1 April 2005, 13:14  Oil Jumps Above $55 After Spike Alert

Oil prices tracked higher on Friday, firmly planted above $55, supported by a forecast that the market could spike to $105 and by concerns that U.S. gasoline supplies may fall short to meet peak summer demand.
Prices have climbed 28 percent this year as signs that rapid demand growth in Asia's emerging economies and the United States will strain world supply ignited heavy buying from big-money speculative funds.
U.S. light crude traded up 20 cents to $55.60 a barrel, moving back toward the record high of $57.60 struck on March 17. London's Brent crude climbed 36 cents to $54.65 a barrel.

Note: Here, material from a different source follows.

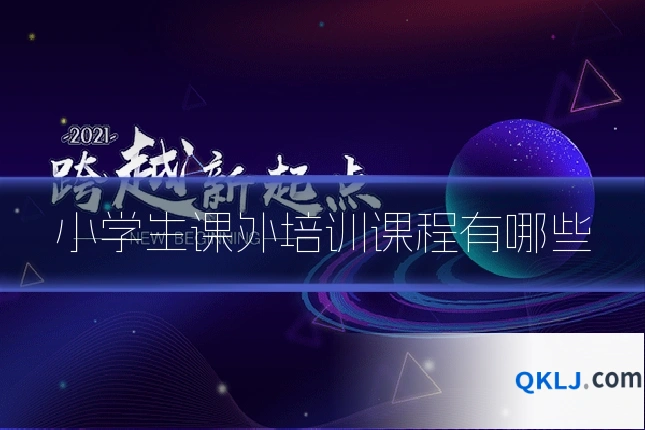 小学生课外培训课程有哪些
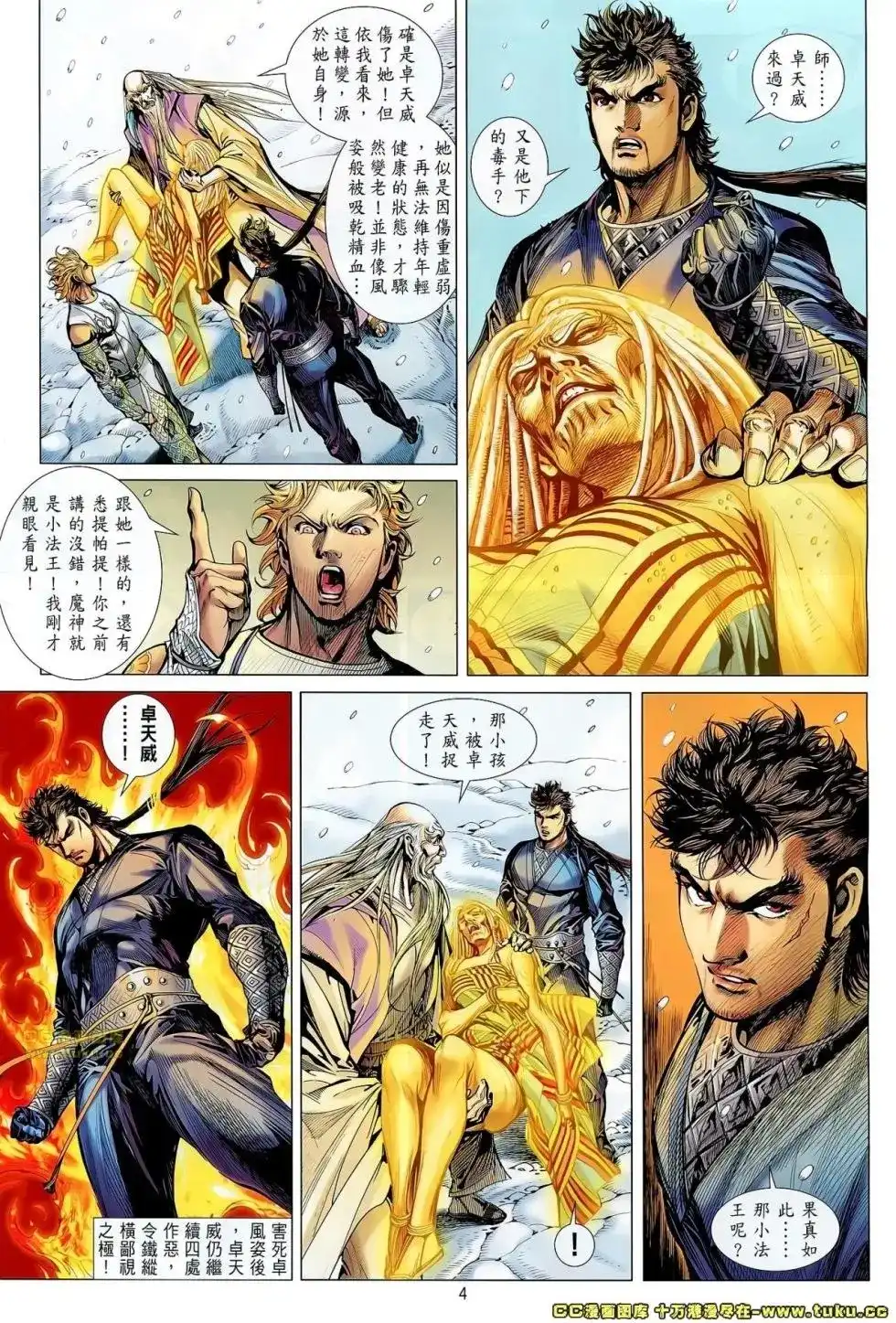 《铁将纵横2012》单行本 第044卷 第4页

Top energy derivatives trader, Goldman Sachs, said in a report on Thursday the oil markets might have entered the early stages of a "super spike" period, which could drive prices toward $105. "That was a pretty big call by them (Goldman Sachs) and the market is just assessing where supply and demand really sits," said David de Garis, senior economist at ANZ Investment Bank in Melbourne.
"The market is still of the mind that supply/demand is still very tight but the fundamental situation is not nearly as bad as what current oil prices would suggest."
Goldman Sachs raised its 2005 and 2006 price forecasts for U.S. light crude to $50 and $55, respectively, from $41 and $40, citing resilient oil demand growth.
Prices rallied 2.6 percent on Thursday on the back of the report but also on growing concerns over falling gasoline stocks in the United States ahead of the peak summer demand season.
"I don't know if we will get another big up day on Friday, but if we settle above $55.65 that will be another positive and will point to higher prices," said John Brady, a broker with ABN AMRO in New York.